Die Weihnachtswelle
Eigentlich ist die Aktivität der Mitglieder des LSV Gifhorn ab Anfang November in die Innenräume verlegt, um die Technik für die kommende Flugsaison 2020 wieder fit zu machen. Eigentlich, denn plötzlich brummt es auf dem Segelflugplatz in Wilsche und die Dimona, der Vereinsmotorsegler erhebt sich in die Luft. Erst Stunden später, gegen Sonnenuntergang, kommt das Flugzeug wieder und landet auf dem Platz. Man fragt sich, wie es so lange oben bleiben konnte, da der Tank definitiv nicht für die Flugzeit gereicht hätte.
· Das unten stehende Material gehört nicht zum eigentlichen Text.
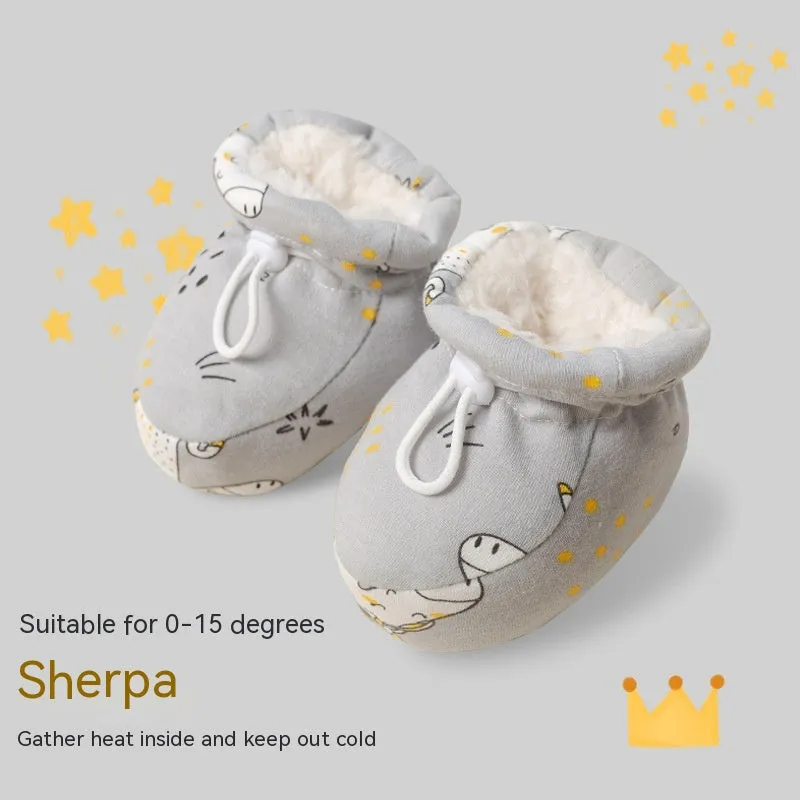 Baby Shoes Soft Sole Toddler Warm Shoes Cotton-padded Shoes With Velvet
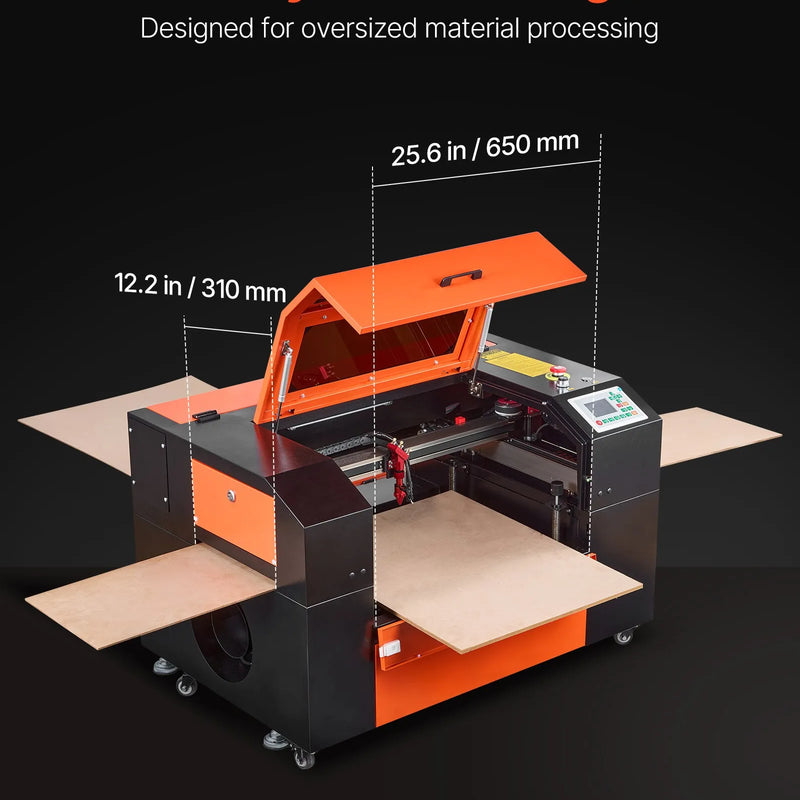 VEVOR 50 W CO₂ lāzera gravēšanas un griešanas iekārta, darba laukums 500 × 300 mm, ar 4 virzienu gaisa asistenci, savietojama ar LightBurn, CorelDRAW un RDWorks, piemērota kokam, akrilam un stiklam
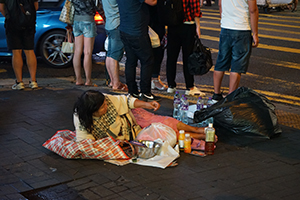 Homeless person on the street, Central, 2 August 2019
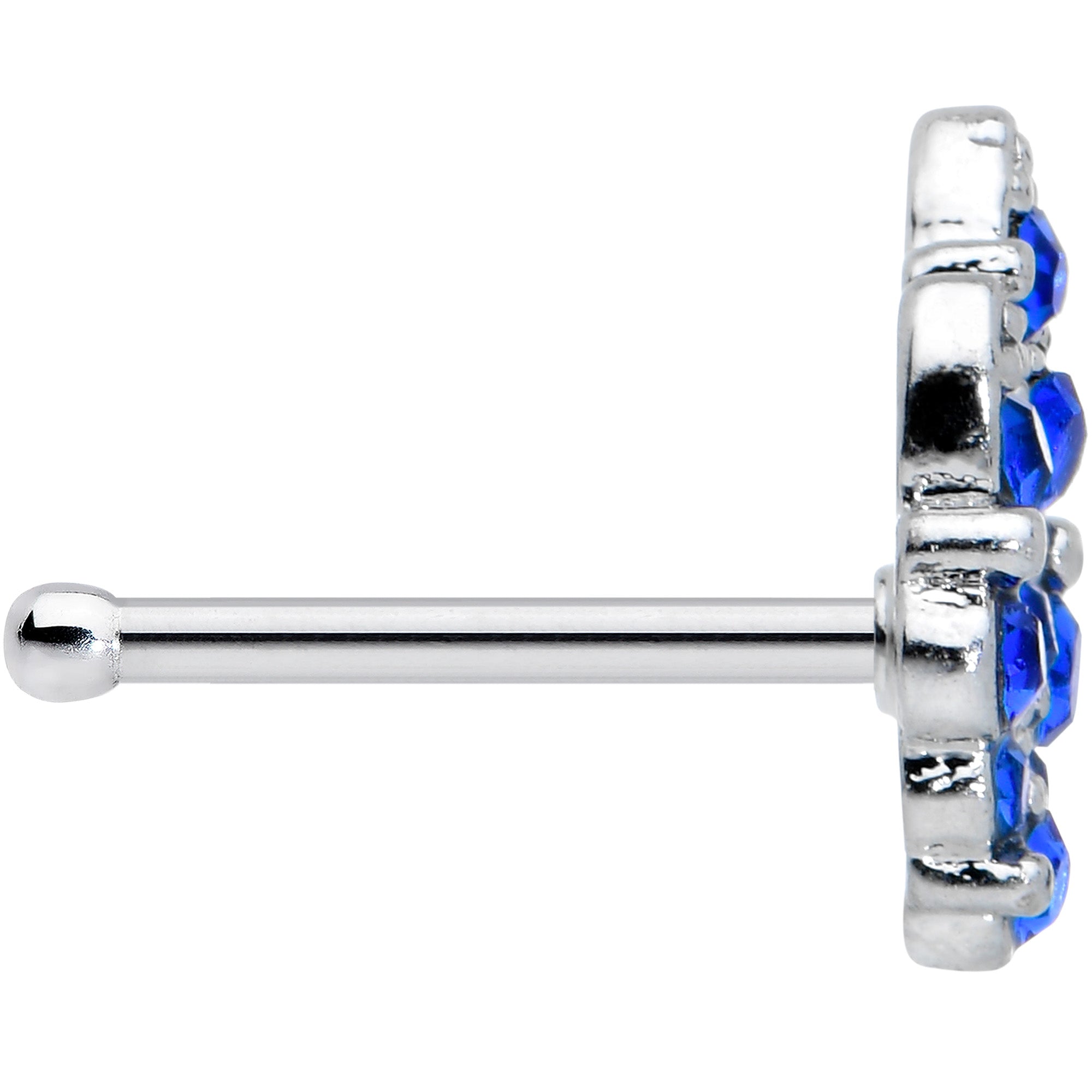 20G 1/4 Blue CZ Gem Fountain Nose Bone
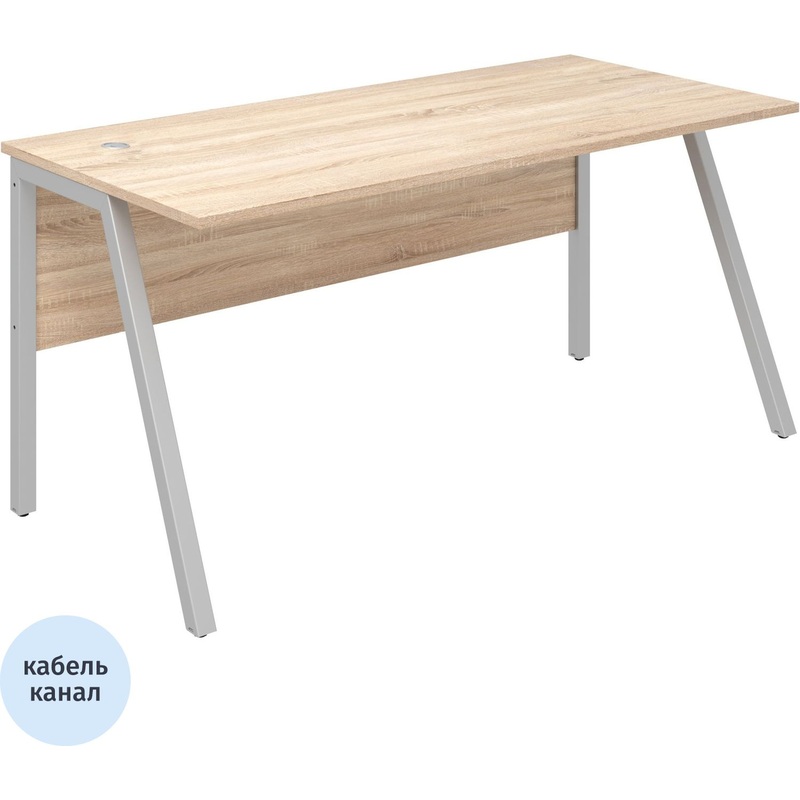 Изображение товара Стол письменный прямой Рондо из ЛДСП с цветом дуб альпийский/серый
Martin Pohl, Fluglehrer und begeisterter Wellenflieger im Verein, klärt das Geschehen auf, nachdem er aus der Dimona geklettert ist: „Üblicherweise nutzen wir Segelflieger thermische Aufwinde, die sich im Sommer bilden, wenn die Sonne den Boden erwärmt und die darüber befindliche warme Luft aufsteigt. Das gibt es aber bei dem flachen Sonnenstand im Winter nicht. Heute am Sonntag war dagegen sehr starker Wind aus Südwest vorhergesagt. Bei diesen Bedingungen kann es dazu kommen, dass die Luft im Lee, also hinter den Bergen in Schwingungen geraten kann. Immer dann, wenn die Luft in einer solchen sogenannten Leewelle dabei nach oben schwingt, kann man Höhe im Segelflug ohne Motor gewinnen. Das kann man genauso vorstellen, wie ein Surfer mit seinem Brett auf einer Wasserwelle surfen kann. In unserer Region kommt dabei in erster Linie der Harz in Frage. Im Lee des Brockens bilden sich regelmäßig solche Wellen.“
Der Propeller steht...
...und es gibt dennoch 1m/s Steigen :-)
Auch vom Boden aus sind diese Wellen leicht an linsenförmigen Wolken zu erkennen, die, obwohl der Wind sehr stark sein kann, stationär am Himmel stehen. Passend zur Form werden sie Altocumulus Lenticularis genannt. Am Sonntag, den 15.12. war so eine Wetterlage, die Martin Pohl und Nico Klingspohn mit der Dimona genutzt haben. So kamen sie auf etwas mehr als eine Stunde Segelflugzeit im Lee des Brockens. Genau über Wernigerode fand sich die Leewelle.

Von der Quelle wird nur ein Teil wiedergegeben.